Promotional single by Kelly Clarkson

from the album Piece by Piece
- Released: February 26, 2015
- Recorded: 2014
- Studio: The Dressing Room (Nashville, TN); The Listening Station (Nashville, TN);
- Genre: EDM; gospel;
- Length: 4:20
- Label: RCA
- Songwriters: Jesse Shatkin; Maureen "MoZella" McDonald;
- Producer: Jesse Shatkin

= Take You High =

"Take You High" is a song by American recording artist Kelly Clarkson from her seventh studio album, Piece by Piece (2015). Written by Jesse Shatkin and MoZella, the song is produced by Shatkin. A midtempo EDM gospel tune, it is a song of encouragement and escapism, in which the singer lends a hand to the despondent.
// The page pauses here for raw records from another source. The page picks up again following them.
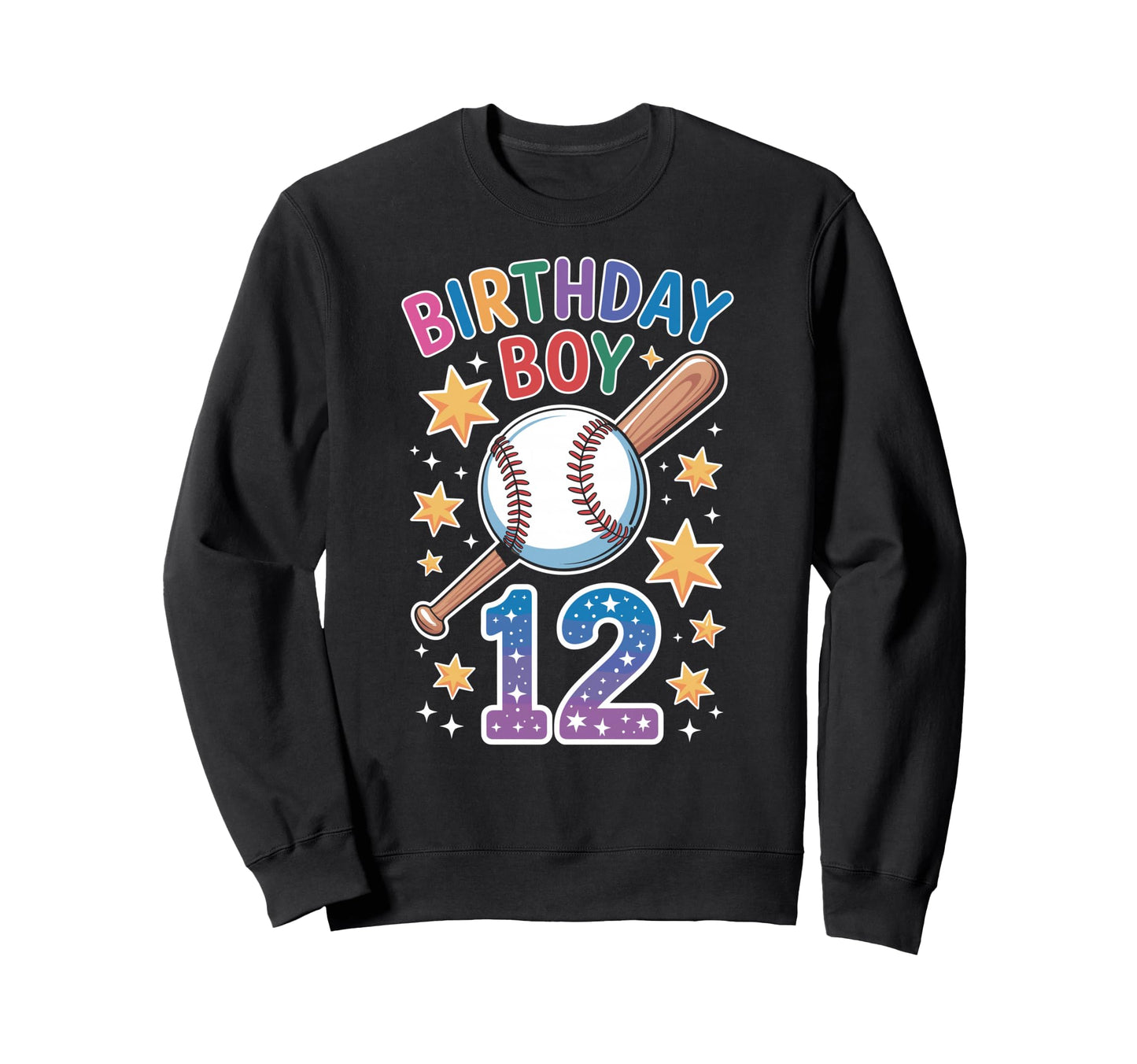 Birthday 12Th Birthday Baseball Sweatshirt - Minimalist Print for Adults - T-Shirt, Sweatshirt, Hoodie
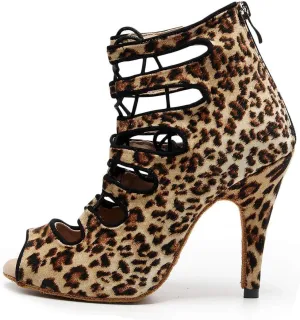 TINRYMX Womens Latin Dance Boots Open Toe Ankle Ballroom Professional Party Salsa Dance Shoes,Model-YCL456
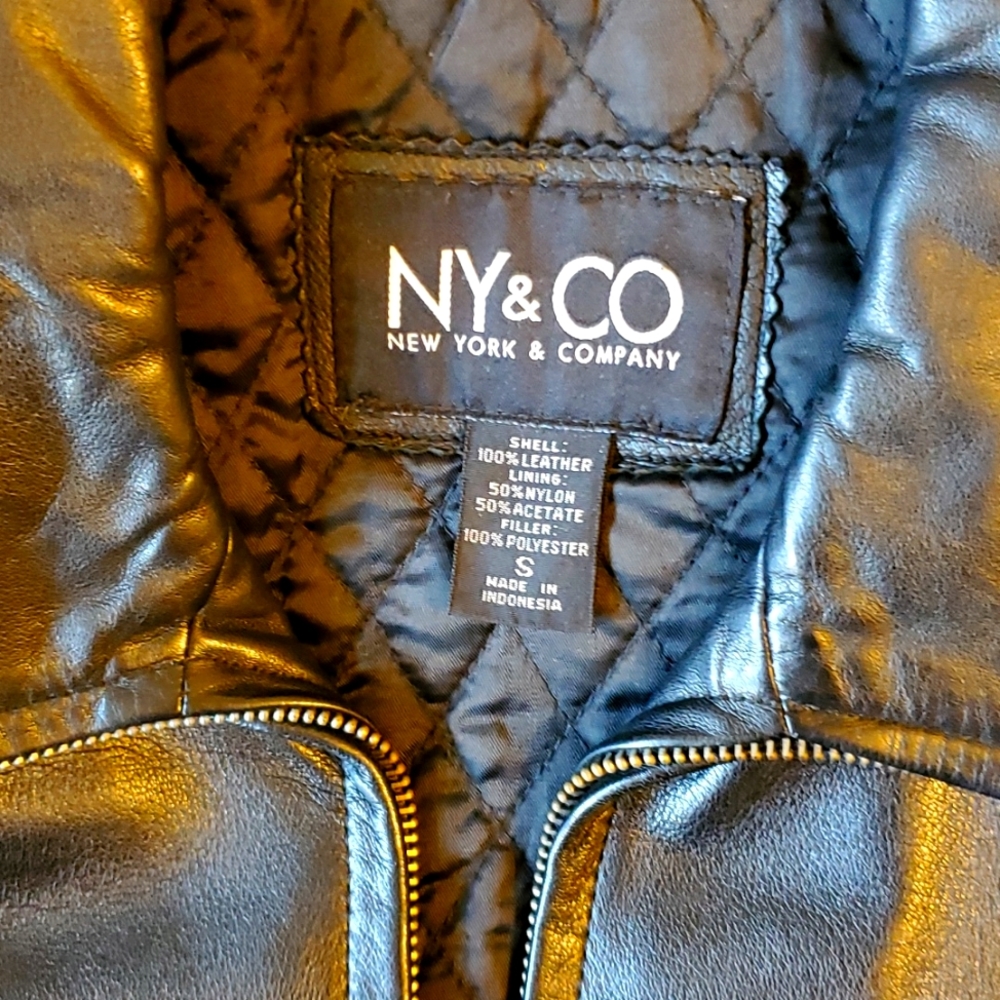New York & Company Leather Jacket with Belt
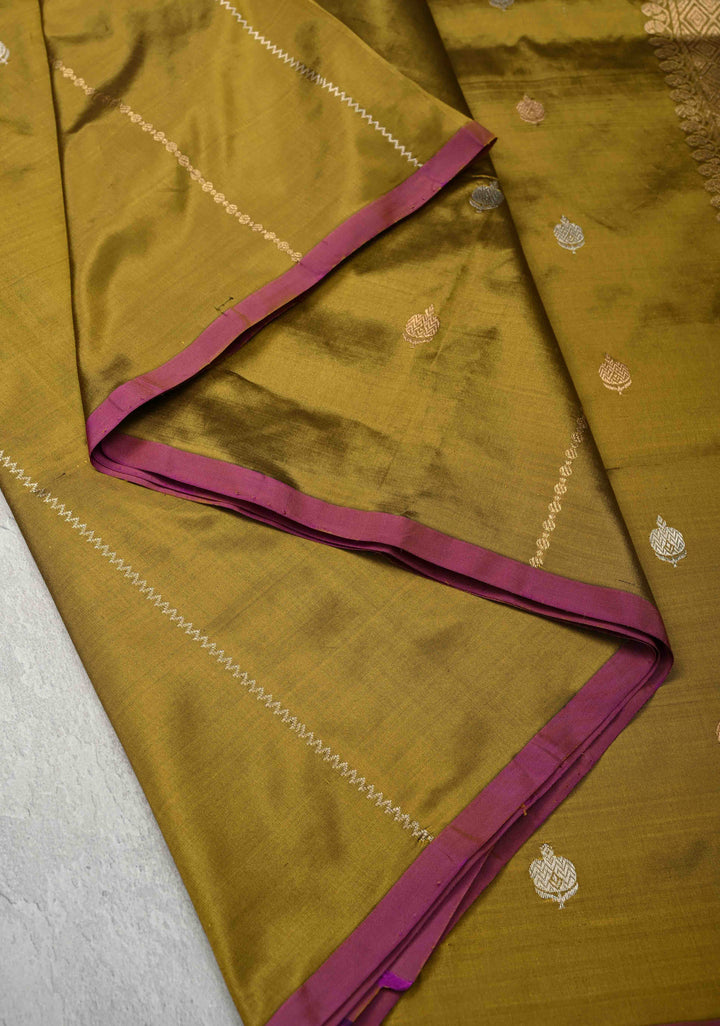 Olive Green Pure Banarasi Katan Silk Saree with Sona Rupa Vertical Stripes and Buttas | Silk Mark Certified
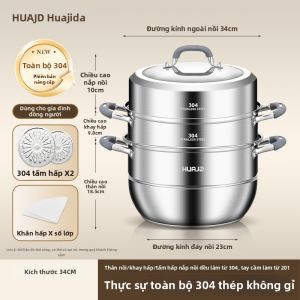 HUAJIDA | Nồi Hấp Inox 304 Dày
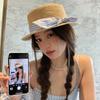 DIY bow flat top sunscreen straw hat women's retro pearl design vacation seaside beach sunshade summer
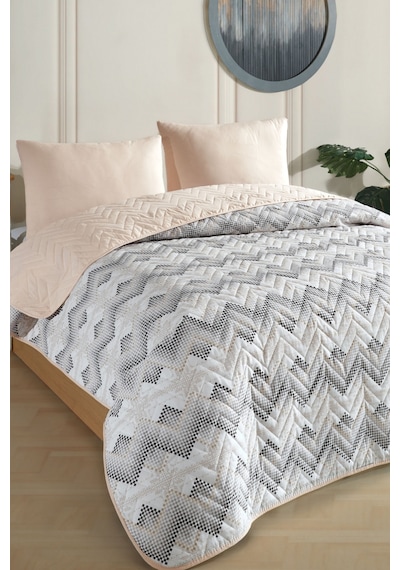 Çift Kişilik Desenli Kapitone Çift Taraflı Renkli Pike Yatak Örtüsü Takımı 200x230 Cm Çarşafsız Bej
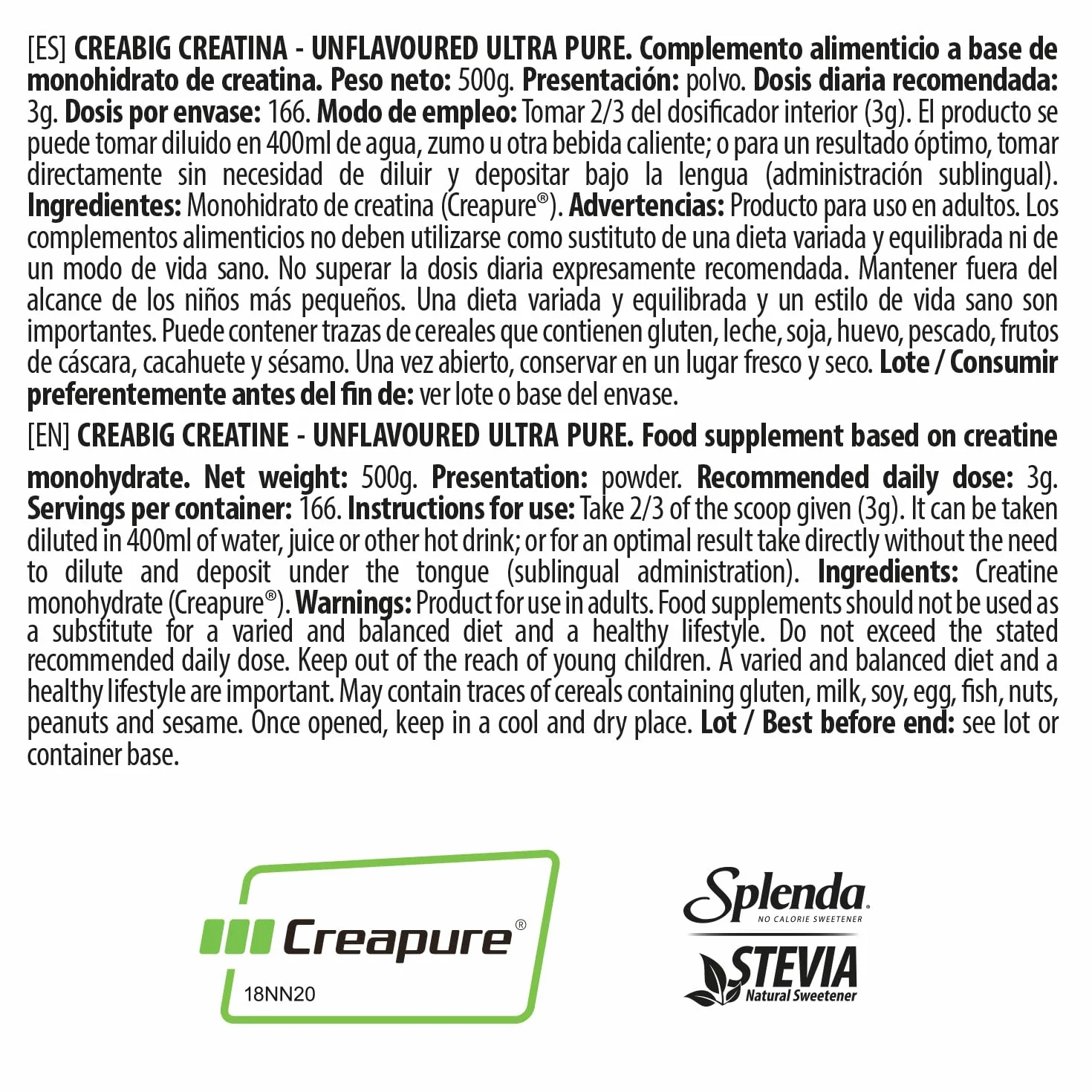 Creatina Creapure Monohidratada 250g Vegana Ultra Pure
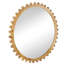 Miroir rond à cadre perlé pour salon, chambre à coucher, décor en bois et maison texturée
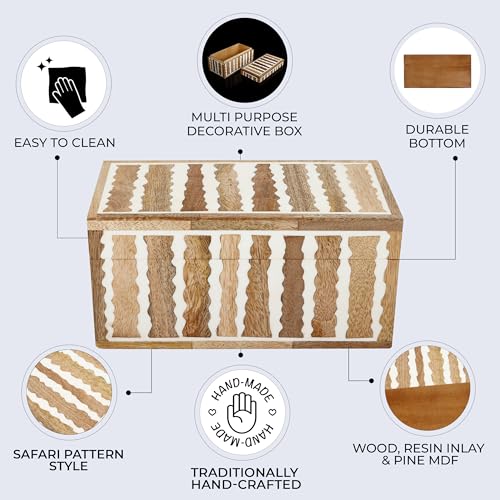 Image of Handicrafts Home 10x5x5 Decorative Box Handmade Storage Organizer Boxes with Lids Keepsake Gift Trinket Box Display Box, Kept Safari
Musically featuring an auto-tuned EDM breakdown, Shatkin described its sound as "an electronic banger" and "a little left-of-center", while Clarkson commented that it reminded her of the music of soundtrack to the 1999 film Cruel Intentions.

"Take You High" was released by RCA Records as the fourth and penultimate promotional single from Piece by Piece on February 26, 2015. Upon its release, it has received a positive response from music critics, some of whom commended the record as one of the album's highlights. Clarkson has included the song in her set list during the Piece by Piece Tour, performing it featuring a portion of the song "When Doves Cry" by Prince.

== Release and composition ==
"Take You High" was first released by RCA Records as the fourth and penultimate promotional single from Piece by Piece on February 26, 2015. Clarkson revealed the reason for its promotional release was for listeners to make a wider option in assessing the album as a whole, not just based on its lead single, "Heartbeat Song".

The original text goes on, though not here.